= Lionel Lukin (judge) =

Australian judge (1868–1944)

Justice Lionel Oscar Lukin (4 January 1868 — 1 June 1944) was appointed as the first judge of the Supreme Court of the Australian Capital Territory, Australia on 25 January 1934 and remained the sole Judge of the Court until November 1943 when he retired due to ill health.

==Early life==
Lukin was born in Condamine, Queensland, and was educated at schools in Roma, Gympie and Brisbane (Brisbane Grammar School). He was a nephew of Gresley Lukin.

==Judicial career==

During his tenure on the Capital Territory Court, Lukin was also a Judge of the Federal Court of Bankruptcy. This meant that he did not sit full-time on the Capital Territory Court. Additionally, Lukin was also a judge on the Supreme Court of Queensland from 26 July 1910 until his retirement from the court on 18 July 1926. He preferred to reside in Brisbane and travelled to Rockhampton by train to discharge his duties.
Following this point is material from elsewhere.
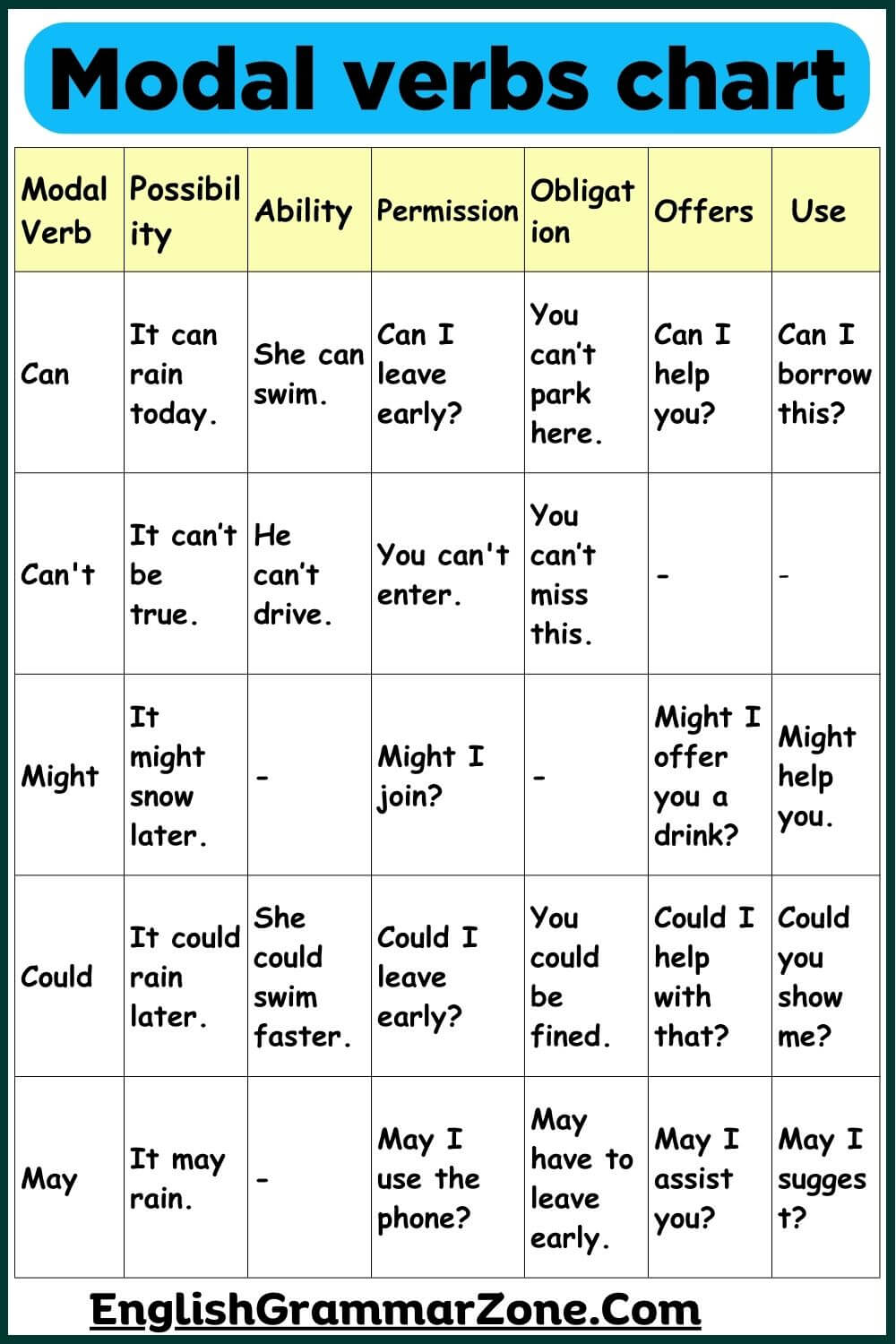 Modal verbs chart with examples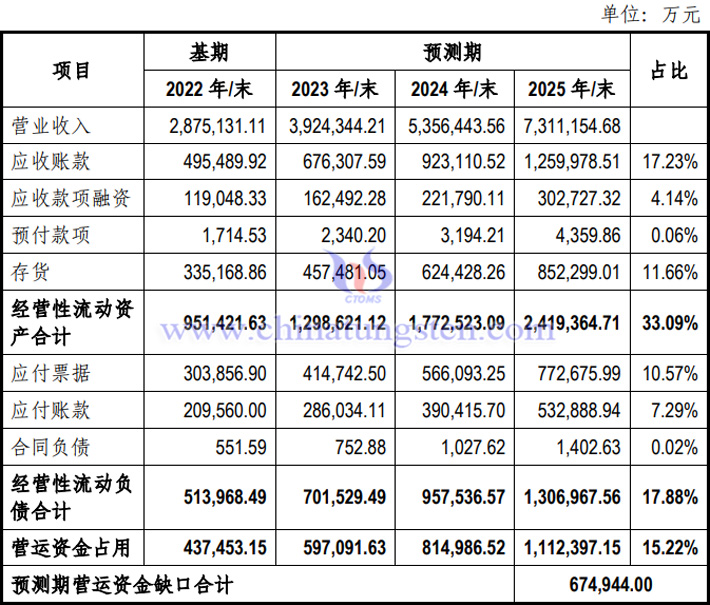 未來三年廈鎢新能新增營運資金缺口表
This allowed him to be a member of every Full Court.

In 1929 Lukin was sitting as a judge on the Commonwealth Court of Conciliation and Arbitration, where he handed down a new award for timber workers reducing wages and increasing weekly hours from 44 to 48. This precipitated the 1929 Timber Workers strike which lasted for 5 months.

Lukin died in 1944 and was buried in Lutwyche Cemetery.